Vivir la literatura - Semanario Brecha

Vivir la literatura

Jorge Albistur (1940-2019)

Foto: gentileza, Universidad de Montevideo

Su nombre se asocia a la gratitud, los bienes simbólicos recibidos; sus palabras –grandeza y miseria del profesor– se entretejen en los recuerdos de quienes fueron adolescentes prendados de un mensaje cálido y vehemente, capaz de dar vida a episodios de “La Ilíada” o a imágenes de Rubén Darío.

La voz era pausada y grave, algo teatral, como convenía al modelo de aquellos tiempos. Dependiendo de la época, la figura más o menos corpulenta, la cabeza más o menos desmelenada; la cortesía, la seriedad y la pasión –que se sepa– nunca sufrieron variaciones. Era desde muy joven, y siempre lo será, si es que la memoria mantiene algún poder redentor, el profesor. Así lo recuerdan quienes habían pasado por sus clases, y hasta quienes por una u otra razón habían tomado distancia de su persona o sus métodos de trabajo.

Quizá fue el mejor de los discípulos de Domingo Luis Bordoli, de quien se cumple este año el centenario del nacimiento, ese maestro entre informal y campechano –dicen– que había sido el de tantos otros cercanos ya idos: Heber Raviolo, Omar Moreira, Alejandro Paternain, Magda Olivieri, Diego Pérez Pintos, etcétera. De Bordoli recibió Albistur el amor a los clásicos, la devoción por la literatura española –que enseñó breves años, como profesor titular, a la caída de la intervención en la Facultad de Humanidades–; con Bordoli, a quien lo unía una particular forma de cristianismo, aprendió a escribir notas para publicaciones periódicas (El Ciudadano y El País, antes del fatal 1973); gracias a él se internó por aspectos de la literatura criolla más bien despreciada por el establishment crítico de entonces (lo que testimonia su prólogo a Nativos, de Santiago Maciel, para Clásicos Uruguayos); de Bordoli aprendió que el goce de la lectura precedía a cualquier marco especulativo previo. El rumor de las hojas, un prematuro libro de 1965, publicado por su compadre Raviolo en Ediciones de la Banda Oriental, cuando Albistur estaba cumpliendo los 25 años de edad, deja en claro esa sabiduría y limitación simultáneas que mucho debe a Los clásicos y nosotros, de Bordoli, aparecido por esos mismos días. Uno puede imaginarlos escritos en diálogo, unidos en el conocimiento que entendían acto fraterno, algo que desbordaba lo intelectual estricto.

Jorge Albistur se prodigó en el periodismo literario desde 1978, en medio de una dictadura que lo expulsó de sus clases.
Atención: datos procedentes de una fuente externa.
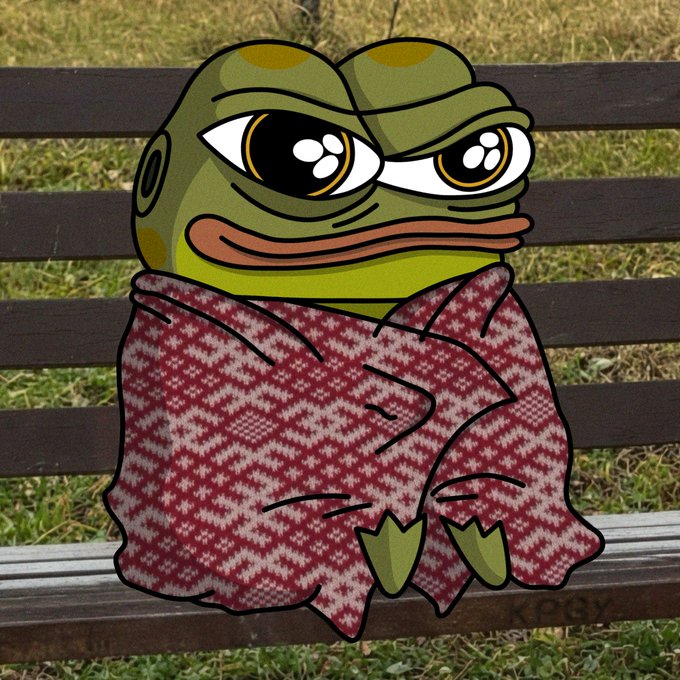 An illustrated cartoon frog with large eyes wrapped in a red and white checkered blanket, sitting on a park bench.
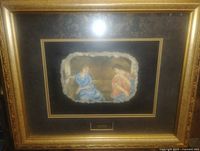 Full view of framed artwork showing gold frame, mat, and painted stone
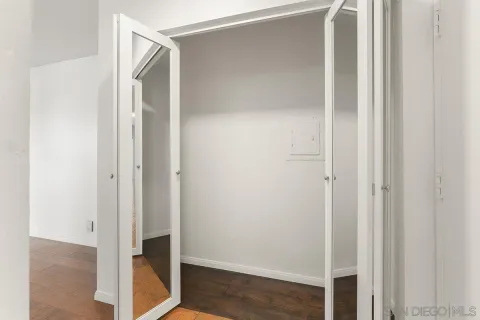 a view of a bathroom with wooden floor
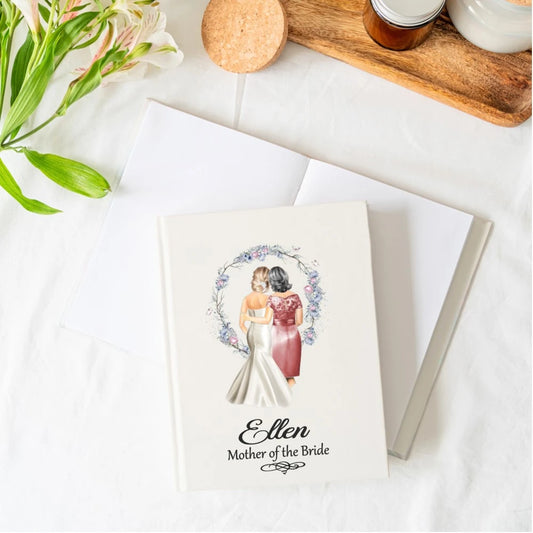 White notebook with image of bride and her mum on the front with the title and mothers name. 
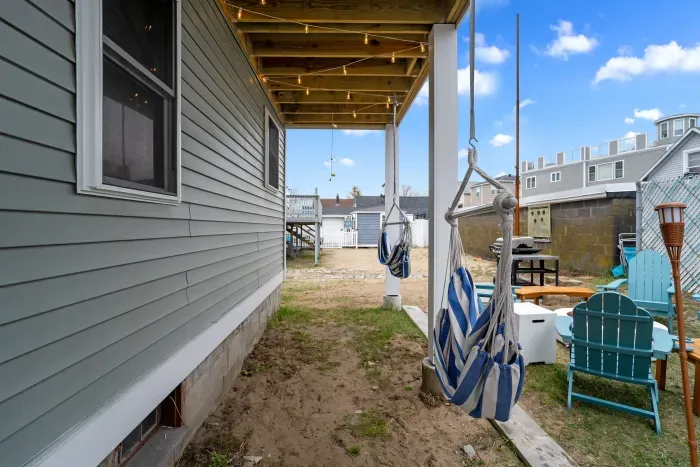 Common back yard area, with common amenities shared with the unit upstairs -- string lights, gas firepit, sitting area, hammock, swinging chairs - WE NO LONGER HAVE A GRILL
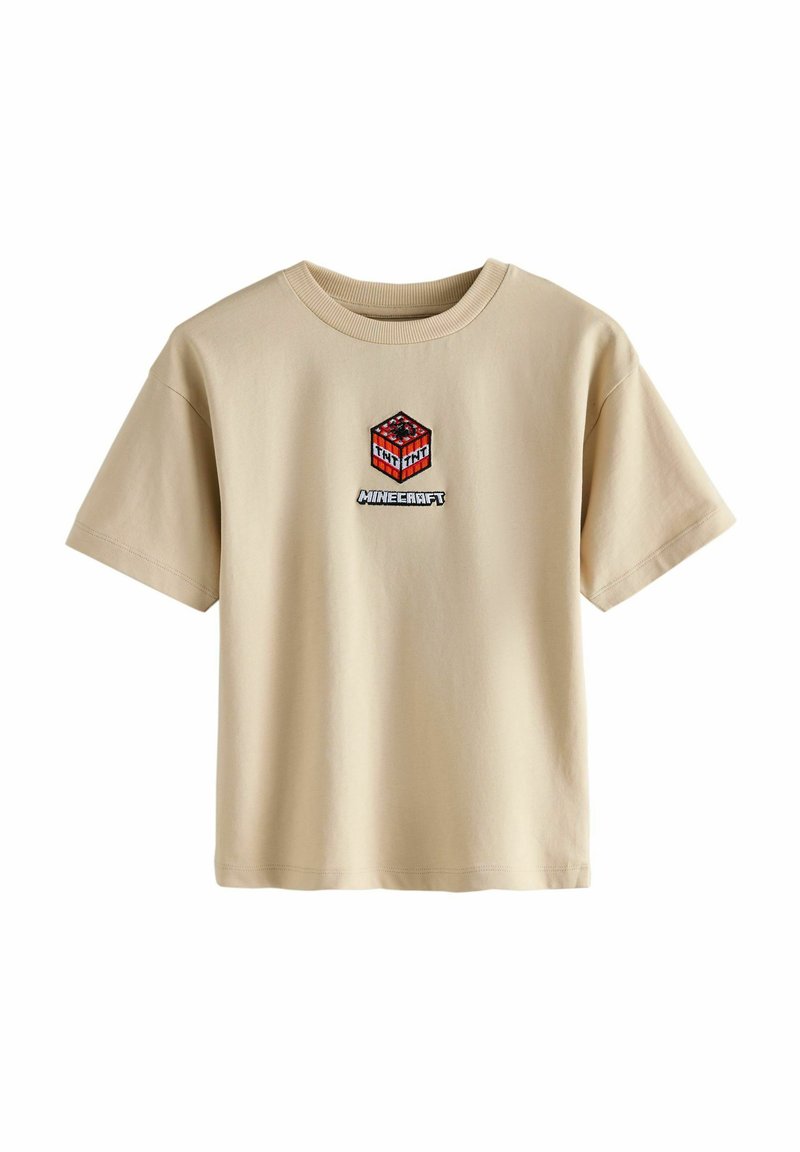 Beige katoenen t-shirt met een rode en zwarte geborduurde Minecraft TNT afbeelding gecentreerd op de borst, met korte mouwen en een ronde hals.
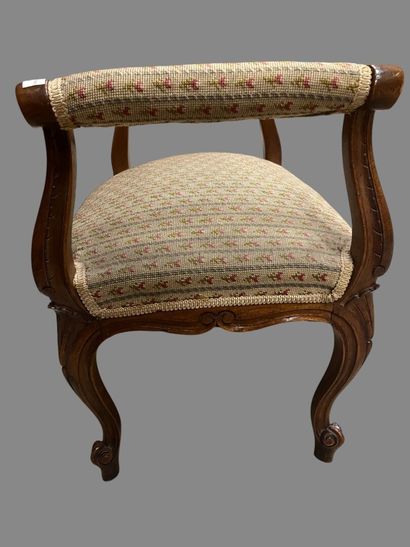 Molded and carved natural wood stool resting...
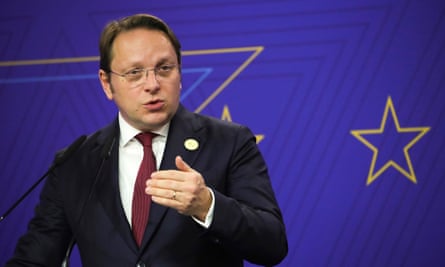 Olivér Várhelyi gesturing as he speaks at a podium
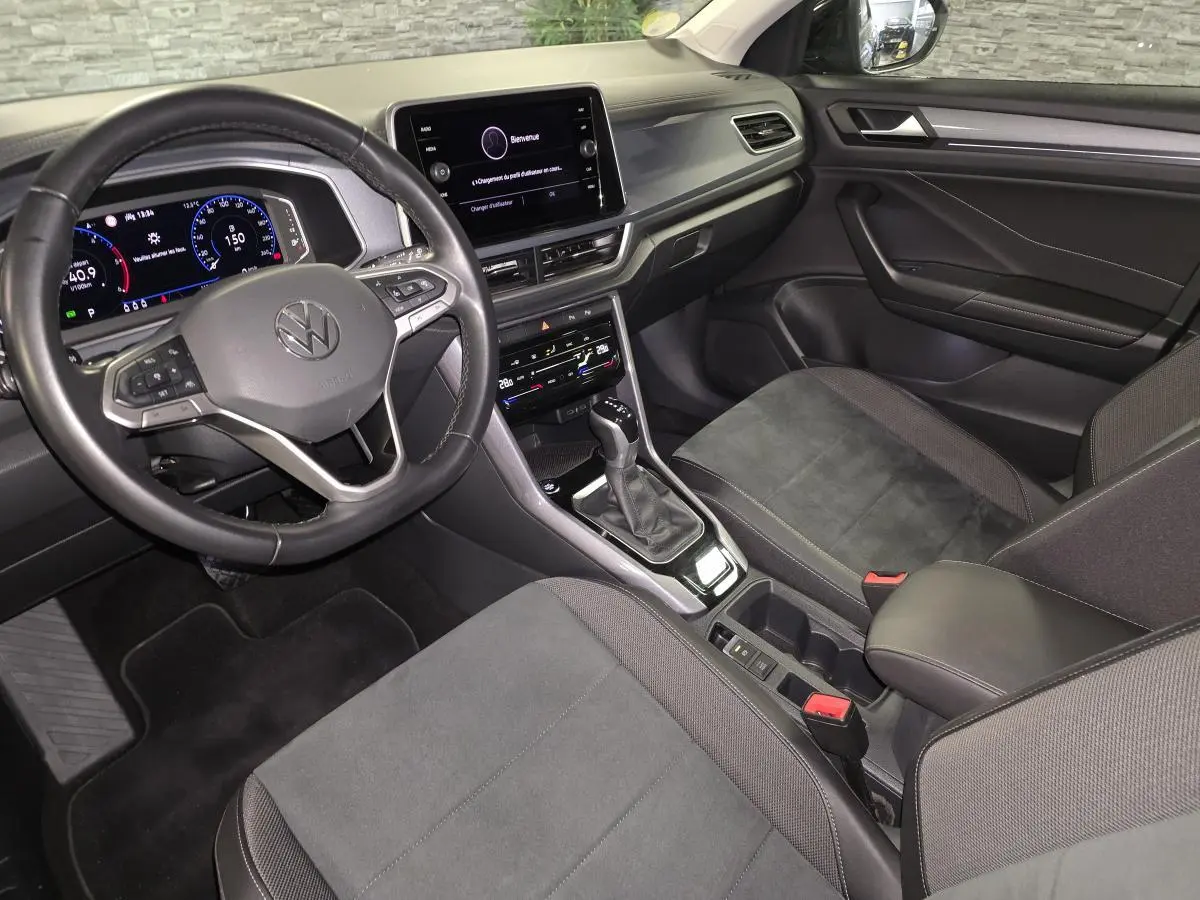 Intérieur noir du Volkswagen T-Roc 2022 vu côté conducteur, avec tableau de bord digital et écran tactile central.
El suplemento sabatino La Semana, que publicó el diario El Día en los años noventa, permitió el reencuentro de muchos obligados al silencio. Albistur hizo notas sobre libros y, para prever cualquier posible mal, se refugió en una columna (“Releyendo los clásicos”), con la que logró internarse en los textos que había enseñado; volvió a repasar otros que debía abandonar, ahora sin el diálogo con los estudiantes, y retrasmitió por la escritura el espectro de aquella voz ya muda en las aulas. Se reencontró, así, con lo mejor que había logrado en un libro que se convirtió en clásico uruguayo espontáneo, Leyendo el Quijote (1968), fino y cálido acercamiento al texto cervantino. Esa fue su mejor veta, que intentó retomar –tal vez nunca con tal efecto– en una larga serie de pequeños trabajos sobre otras páginas de Cervantes, san Juan de la Cruz, los cronistas de Indias, Ramón del Valle Inclán, o en muchos prólogos y ediciones que preparó para Banda Oriental (algunos reunidos en libro cercano) o en multitud de reseñas que aparecieron en el semanario Brecha, ya en los años noventa, siempre dentro del ámbito literario más tradicional. Su labor como inspector de la asignatura, desde 1985, lo llevó a recorrer el país tratando de contribuir a la reconstrucción de una forma de ver la literatura, que ya no era posible en los términos en que él mismo se había formado. Memorias de un inspector. La enseñanza y sus contextos (1995) pasa en limpio esa imposibilidad. Ese breve y sorprendente repaso en su trayectoria comunica, con aliento narrativo, algunas fugaces experiencias antes que proponer soluciones para un problema que lo desbordaba, pero al que siempre –y hasta el final– entregó sus mejores energías.